Unit Plan Outline
Design thinking requires partnering teachers and librarians or other specialists to become mentors rather than "in charge" of carefully crafted lessons. The students are in command of their learning as individuals and groups and the adults are their advisor as they progress through the ideas of inventing, creating and solving problems.
Quick Lesson Plan Outline
Here is a summary of the steps in creating lesson plans that you can copy into your own template:
Old Method: What type of learning experience this is replaceing
Overview: A broad almost elevator speech the describes and defends this learning experience
Goals and Objective created by adults:
Major Objectives of the design thinking to be accomplished::
Content Objectives embedded by both adults as needed
Process Objectives embedded by both adults as needed
Co-Assessments for Each Objective outlined in design thinking
Other Objectives to Watch
Essential Questions created jointly by adults and students
Graphical chart/flow chart of the learning experience...useful for presentations to audiences about this type of learning experience.
Learning Activities:
Step 1: Empathy: Generate interest among learners for self-directed projects, problems to solve, opportunities, and building a passion about personal interest. Here, the mentors work hard with many learners who claim no interest in anything or have little experience with self-directed learning opportunities
Step 2: Introduce or remind students about tools they might use to re-invent, re-create, or solve problems. This might be an intro or reminder session about the design thinking model.

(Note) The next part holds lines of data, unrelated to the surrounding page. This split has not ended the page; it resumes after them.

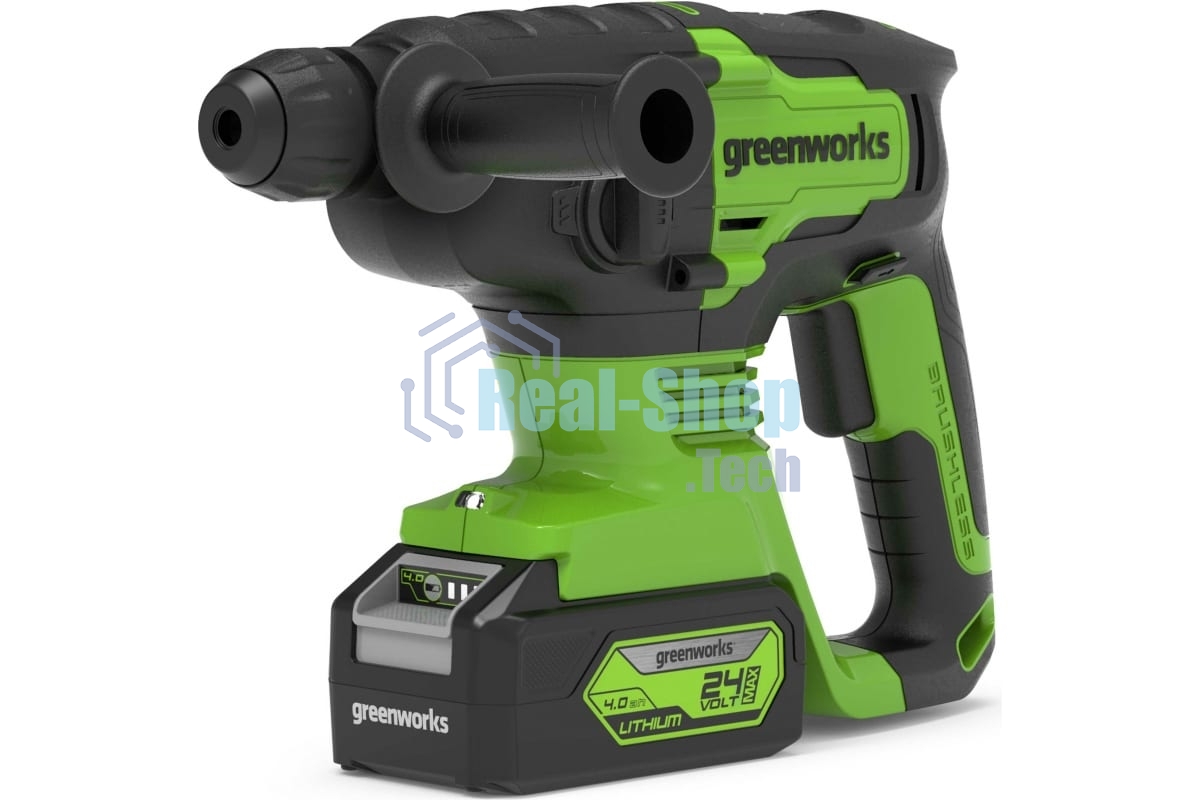 Перфоратор GreenWorks GD24SDS, SDS-plus, 24 В, 2 Дж, от аккумулятора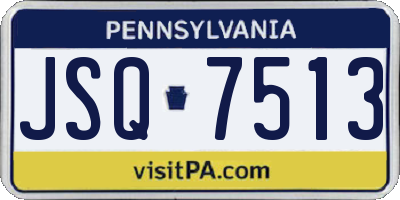 PA license plate JSQ7513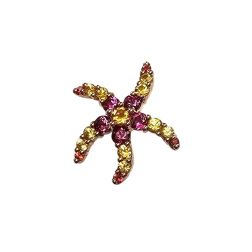 Starfish Pendant with Rhodolites, Yellow Topaz, Mandarin and Yellow Sapphires on Rose Gold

Step 3: Continue the Engagement stage: Guide individuals/groups through the formulation of a problem, question, project, or invention they are passionate about and title these the essential questions
Step 4: Define and Ideate: the Problem: Help learners discover the knowledge and skills they will need in order to accomplish their task
Step 5: Continue Ideate and Prototype: Have regular meetings/conferences to note progress, problems and to teach process skills
Step 6: Prototype and test: Clear the path/be an ombudsman for the difficulties learners might encounter
Step 7: Implement the new system if possible. Celebrate success and challenges overcome
Step 8: Culmination of the implementation: Develop a culminating experience. This could include some sort of exibition of the projects, but if students have kept logs, it should be a compare/contrast about the process of design thinking.
Step 9: Evaluate: Conduct a Big Think
Archive on the Virtual Learning Commons website of the learning commons
Defense: What did the adults learn about the process of design thinking and the role of the adults as mentors?

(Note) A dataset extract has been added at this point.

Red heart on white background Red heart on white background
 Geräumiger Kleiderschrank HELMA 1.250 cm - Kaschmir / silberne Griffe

Knowledge Building Center Website Tips
Create your hook page/home page where you try to interest your students in the main goal for your design thinking project(s)
Create the Unit Plan page where the partner adults will plan, assess, and conduct the learning activities together.
Now create the rooms or tab pages, where the students can work together collaboratively. These rooms could be:
A room/tab for preliminary background and building
A Getting Started room//tab
Rooms/tabs for the various steps of the entire project where all the individuals and or groups are reporting their project progress
Rooms/tabs for individuals or groups where they are doing their own project.